Rates Spark: Still Steeper Curves
Tariffs are complicated, as they cut two ways. The price rise risk is bad for bonds, while the threat to economic activity is good for bonds. When the US first enacted tariffs on Mexico on 1 February 2025, there was a clear reaction from Treasuries – to go for lower yields, alongside a stronger US dollar. This time, the early 25% tariff-on-autos announcement, resulted in a clear rise in yields, alongside a somewhat weaker US dollar. So what gives? Basically, tariff news can have either effect. We noted this when we went through the market reaction on Mexico/Canada tariffs – don't expect the same reaction every time, as there is no perfect way to react to the imposition of tariffs.

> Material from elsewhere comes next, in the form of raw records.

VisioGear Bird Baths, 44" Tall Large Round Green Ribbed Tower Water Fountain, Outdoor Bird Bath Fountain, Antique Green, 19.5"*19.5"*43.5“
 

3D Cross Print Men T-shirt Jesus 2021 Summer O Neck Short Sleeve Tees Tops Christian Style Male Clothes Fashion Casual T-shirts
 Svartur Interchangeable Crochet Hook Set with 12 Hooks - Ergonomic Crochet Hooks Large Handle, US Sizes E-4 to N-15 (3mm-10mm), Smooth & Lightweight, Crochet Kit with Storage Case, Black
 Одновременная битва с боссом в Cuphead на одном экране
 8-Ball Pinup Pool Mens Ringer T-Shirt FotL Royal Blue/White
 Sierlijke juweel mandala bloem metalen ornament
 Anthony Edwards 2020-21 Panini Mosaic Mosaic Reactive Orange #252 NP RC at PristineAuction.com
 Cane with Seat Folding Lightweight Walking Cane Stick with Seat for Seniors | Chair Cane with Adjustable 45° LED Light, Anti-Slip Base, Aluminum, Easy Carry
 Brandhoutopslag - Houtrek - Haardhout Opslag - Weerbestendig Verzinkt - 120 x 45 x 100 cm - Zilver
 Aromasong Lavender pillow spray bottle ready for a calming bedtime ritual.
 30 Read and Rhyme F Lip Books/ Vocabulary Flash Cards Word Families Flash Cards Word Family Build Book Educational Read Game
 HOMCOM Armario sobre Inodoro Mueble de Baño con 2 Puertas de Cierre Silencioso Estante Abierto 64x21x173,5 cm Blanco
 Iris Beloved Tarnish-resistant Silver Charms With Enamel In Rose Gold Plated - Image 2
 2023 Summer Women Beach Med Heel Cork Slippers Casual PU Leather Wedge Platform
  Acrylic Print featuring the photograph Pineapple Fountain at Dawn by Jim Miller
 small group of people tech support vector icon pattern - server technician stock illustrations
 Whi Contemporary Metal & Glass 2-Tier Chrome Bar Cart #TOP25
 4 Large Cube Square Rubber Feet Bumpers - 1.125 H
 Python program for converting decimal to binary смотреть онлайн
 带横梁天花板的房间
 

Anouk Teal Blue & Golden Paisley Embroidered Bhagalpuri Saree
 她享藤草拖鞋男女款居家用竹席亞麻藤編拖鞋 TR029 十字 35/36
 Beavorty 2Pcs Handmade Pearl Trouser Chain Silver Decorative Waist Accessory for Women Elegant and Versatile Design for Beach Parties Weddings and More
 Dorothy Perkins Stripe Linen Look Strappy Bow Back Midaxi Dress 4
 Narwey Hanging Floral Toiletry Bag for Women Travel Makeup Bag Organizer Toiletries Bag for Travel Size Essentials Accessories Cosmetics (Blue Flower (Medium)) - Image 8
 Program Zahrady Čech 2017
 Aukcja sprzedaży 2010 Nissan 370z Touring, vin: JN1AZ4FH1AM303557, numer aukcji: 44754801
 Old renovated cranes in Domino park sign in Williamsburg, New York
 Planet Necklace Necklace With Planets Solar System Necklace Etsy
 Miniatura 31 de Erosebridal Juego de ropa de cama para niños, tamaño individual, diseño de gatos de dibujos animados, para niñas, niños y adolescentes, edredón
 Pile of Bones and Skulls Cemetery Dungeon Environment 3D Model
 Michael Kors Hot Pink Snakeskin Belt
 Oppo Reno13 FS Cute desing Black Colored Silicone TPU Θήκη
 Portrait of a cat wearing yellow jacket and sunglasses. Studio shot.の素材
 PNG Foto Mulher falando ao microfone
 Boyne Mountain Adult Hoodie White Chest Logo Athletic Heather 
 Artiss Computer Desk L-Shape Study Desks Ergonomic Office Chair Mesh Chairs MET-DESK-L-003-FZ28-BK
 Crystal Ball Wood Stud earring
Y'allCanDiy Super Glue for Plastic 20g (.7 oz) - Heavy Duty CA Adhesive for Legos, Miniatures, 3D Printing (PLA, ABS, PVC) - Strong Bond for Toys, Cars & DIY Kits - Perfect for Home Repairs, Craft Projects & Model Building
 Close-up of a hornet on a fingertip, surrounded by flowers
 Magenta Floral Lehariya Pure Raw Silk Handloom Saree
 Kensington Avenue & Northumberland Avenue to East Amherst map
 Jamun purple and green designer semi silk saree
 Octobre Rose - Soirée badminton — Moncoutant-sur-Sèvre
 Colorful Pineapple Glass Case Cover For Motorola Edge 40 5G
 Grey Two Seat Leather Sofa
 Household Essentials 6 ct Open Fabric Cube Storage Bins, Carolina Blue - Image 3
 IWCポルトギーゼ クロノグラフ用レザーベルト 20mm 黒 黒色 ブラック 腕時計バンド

Earlier this week we noted an expectation for the 10yr to range trade between 4.25% and 4.35%. The lower bound represented the level we got to after the recent FOMC meeting. We described the outcome of the FOMC at the time as a one-day trade, which it was. On the following two days, intra day it had a go lower, but each time it ended back up at 4.25%. The 4.35% area then represented the upper end of a trading range that had obtained broadly in the past month. The (unexpected) early tariff announcement shocked a break above 4.35%, at least initially. No shock there. It's simply Treasuries pointing to the price risk that comes from tariffs, especially when they are 25% (not 10%).
We still have 2 April as a key day next week, as this is when we at least get the first main iteration of the reciprocal tariffs. Treasuries will likely be minded to wait for that before making any further big jumps. That said, PCE inflation and University of Michigan inflation expectations on Friday do keep the sticky inflation narrative front and centre into the end of the trading week.
US curves steepen via the long end, EUR curves still more via the short endThe US curve bear steepened as 10y Treasury yields rose towards 4.4% (initially) in the wake of Trump's tariff announcements. The EUR curve also steepened, but here it was more the rates markets' initial bullish reaction to the tariff headlines was faded at the back end, while the pricing in of European Central Bank cuts proved more sticky at the front end. The implied probability of a rate cut in April has now crept to 75%. The market is also starting to price in a chance – though only small so far – that the ECB could take the depo rate even below 2% for some time.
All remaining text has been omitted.